Según el documento, las elevadas tasas de criminalidad han conllevado el auge de estas empresas militares y de seguridad privada (EMSP) hasta alcanzar la cifra de las 16.000 compañías y un total de 2,4 millones de trabajadores en la región, mostrando una gran brecha en la proporción entre guardias privados y policías.

En América Latina, que alberga a 17 de las 20 ciudades más peligrosas del mundo según el propio informe, la proporción de guardias de seguridad privada por policías es “mucho mayor” que en el resto del mundo, según explica el texto, que enfatiza en la desigualdad social que implica entre quienes pueden pagarlo y quienes no.

De esta forma, en Brasil la proporción de profesionales de la seguridad privada por cada funcionario es de cuatro a uno; en Guatemala, de cinco a uno; y, en Honduras, casi de siete a uno.

Según una estimación del Consejo Nacional de Seguridad Privada de México, en 2016 el país acogía a una industria de EMSP por un valor de 1.500 millones de dólares, lo que suponía un 180 % más que en 2012.

En Brasil, la celebración del mundial de fútbol en 2014 y de los Juegos Olímpicos en 2016, unida a la violencia, favoreció el desarrollo de estas empresas, que emplean a 650.000 personas.

En este sentido, el informe recoge que las autoridades de distintos países se vieron sorprendidas ante el aumento de la demanda de estas empresas, por lo que tenían regulaciones “escasas o anticuadas” y “mecanismos regulatorios débiles para aplicarlas”.

“Mientras que los países de América Latina tienen en general marcos legales para regular las actividades de estas empresas, les suele faltar la infraestructura para aplicar las reglas y hacer rendir cuentas a las empresas militares o de seguridad privadas cuando las violen”, subraya el escrito.

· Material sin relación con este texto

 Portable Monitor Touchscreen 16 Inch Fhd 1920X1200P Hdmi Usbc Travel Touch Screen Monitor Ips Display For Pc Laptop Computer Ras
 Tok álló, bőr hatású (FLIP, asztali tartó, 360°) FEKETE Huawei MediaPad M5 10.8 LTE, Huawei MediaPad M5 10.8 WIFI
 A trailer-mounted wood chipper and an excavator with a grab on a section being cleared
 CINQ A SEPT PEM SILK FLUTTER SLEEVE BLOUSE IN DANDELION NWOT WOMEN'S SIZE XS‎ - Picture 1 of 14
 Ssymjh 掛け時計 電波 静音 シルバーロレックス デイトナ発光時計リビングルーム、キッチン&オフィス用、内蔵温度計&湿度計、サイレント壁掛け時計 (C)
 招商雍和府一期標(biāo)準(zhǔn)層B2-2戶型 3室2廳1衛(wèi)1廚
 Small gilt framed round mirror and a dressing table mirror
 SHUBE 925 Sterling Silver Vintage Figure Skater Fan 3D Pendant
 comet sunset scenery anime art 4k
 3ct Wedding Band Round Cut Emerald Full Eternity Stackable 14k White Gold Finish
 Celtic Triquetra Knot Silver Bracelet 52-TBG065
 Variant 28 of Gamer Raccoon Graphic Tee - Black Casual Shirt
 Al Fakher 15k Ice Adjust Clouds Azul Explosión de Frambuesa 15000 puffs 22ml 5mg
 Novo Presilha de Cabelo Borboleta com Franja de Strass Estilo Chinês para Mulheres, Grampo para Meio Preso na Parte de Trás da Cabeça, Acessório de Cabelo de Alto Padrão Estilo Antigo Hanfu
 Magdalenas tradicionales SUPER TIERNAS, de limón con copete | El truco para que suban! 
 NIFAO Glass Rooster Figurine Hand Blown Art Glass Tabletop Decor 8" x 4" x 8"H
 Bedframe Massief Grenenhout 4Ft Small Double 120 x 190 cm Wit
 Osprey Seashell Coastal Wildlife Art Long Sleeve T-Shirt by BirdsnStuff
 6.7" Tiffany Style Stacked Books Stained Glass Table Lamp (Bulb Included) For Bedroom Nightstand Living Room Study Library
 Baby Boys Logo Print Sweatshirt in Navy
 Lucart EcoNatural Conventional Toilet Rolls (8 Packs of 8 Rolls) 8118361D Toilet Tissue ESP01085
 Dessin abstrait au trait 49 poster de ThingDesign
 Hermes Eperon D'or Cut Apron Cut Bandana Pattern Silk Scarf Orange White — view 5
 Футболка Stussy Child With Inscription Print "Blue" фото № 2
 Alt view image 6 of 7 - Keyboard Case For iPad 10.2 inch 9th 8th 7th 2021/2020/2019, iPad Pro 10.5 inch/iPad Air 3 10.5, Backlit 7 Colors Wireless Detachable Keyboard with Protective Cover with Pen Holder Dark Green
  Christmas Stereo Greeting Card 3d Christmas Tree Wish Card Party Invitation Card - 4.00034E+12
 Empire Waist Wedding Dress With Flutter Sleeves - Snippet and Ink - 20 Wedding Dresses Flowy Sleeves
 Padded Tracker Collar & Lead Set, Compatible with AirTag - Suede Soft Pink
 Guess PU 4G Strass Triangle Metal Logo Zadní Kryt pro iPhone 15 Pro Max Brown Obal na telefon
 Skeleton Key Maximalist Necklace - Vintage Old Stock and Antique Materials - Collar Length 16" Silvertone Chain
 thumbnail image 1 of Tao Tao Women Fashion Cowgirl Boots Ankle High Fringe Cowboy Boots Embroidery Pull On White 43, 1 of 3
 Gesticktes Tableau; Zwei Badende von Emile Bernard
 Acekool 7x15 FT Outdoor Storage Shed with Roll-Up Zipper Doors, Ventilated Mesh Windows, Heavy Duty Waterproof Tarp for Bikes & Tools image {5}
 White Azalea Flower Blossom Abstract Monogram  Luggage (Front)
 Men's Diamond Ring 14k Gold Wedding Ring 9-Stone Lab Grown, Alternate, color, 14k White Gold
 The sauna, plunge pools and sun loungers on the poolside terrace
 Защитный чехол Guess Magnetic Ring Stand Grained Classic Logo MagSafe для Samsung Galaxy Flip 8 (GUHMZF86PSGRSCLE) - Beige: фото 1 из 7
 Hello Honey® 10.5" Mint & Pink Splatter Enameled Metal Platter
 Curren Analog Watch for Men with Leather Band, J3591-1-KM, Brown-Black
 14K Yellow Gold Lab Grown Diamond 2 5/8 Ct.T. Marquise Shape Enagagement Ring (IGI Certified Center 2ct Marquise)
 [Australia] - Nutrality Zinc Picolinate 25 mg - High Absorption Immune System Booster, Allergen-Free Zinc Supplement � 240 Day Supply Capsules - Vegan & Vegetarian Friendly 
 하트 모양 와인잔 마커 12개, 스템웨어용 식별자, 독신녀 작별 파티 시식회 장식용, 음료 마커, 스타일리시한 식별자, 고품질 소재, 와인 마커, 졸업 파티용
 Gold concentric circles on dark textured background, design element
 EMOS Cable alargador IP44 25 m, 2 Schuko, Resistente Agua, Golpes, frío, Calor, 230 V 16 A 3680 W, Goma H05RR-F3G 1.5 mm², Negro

De este modo, el informe reclama la aplicación del Documento de Montreux, que presenta una serie de buenas prácticas y códigos a seguir en esta materia.

Uno de los grandes problemas de esta industria es la alta tasa de proveedoras de seguridad no registradas.

En México, por ejemplo, el número de estas entidades es de 8.000, casi el doble que las formales, y más del 80 % de las empresas operan fuera del marco regulatorio.

Ante esta coyuntura, uno de los aspectos que destaca el centro es el tráfico de armas, ya que “la industria de seguridad privada es un proveedor importante de armas para grupos criminales, especialmente en el violento Triángulo Norte de Centroamérica, donde no existen mercados domésticos”.

En este sentido, las EMSP importan miles de armas hacia América Latina cada año, “y una gran parte de estas es robada, desviada o extraviada por contratistas individuales de seguridad privada”.

Las empresas de seguridad privada de Río de Janeiro perdieron 17.600 armas en la última década, alrededor del 30% de todas las armas manejadas por estas compañías, según un informe de la Policía Federal brasileña de 2016 citado por El Diálogo.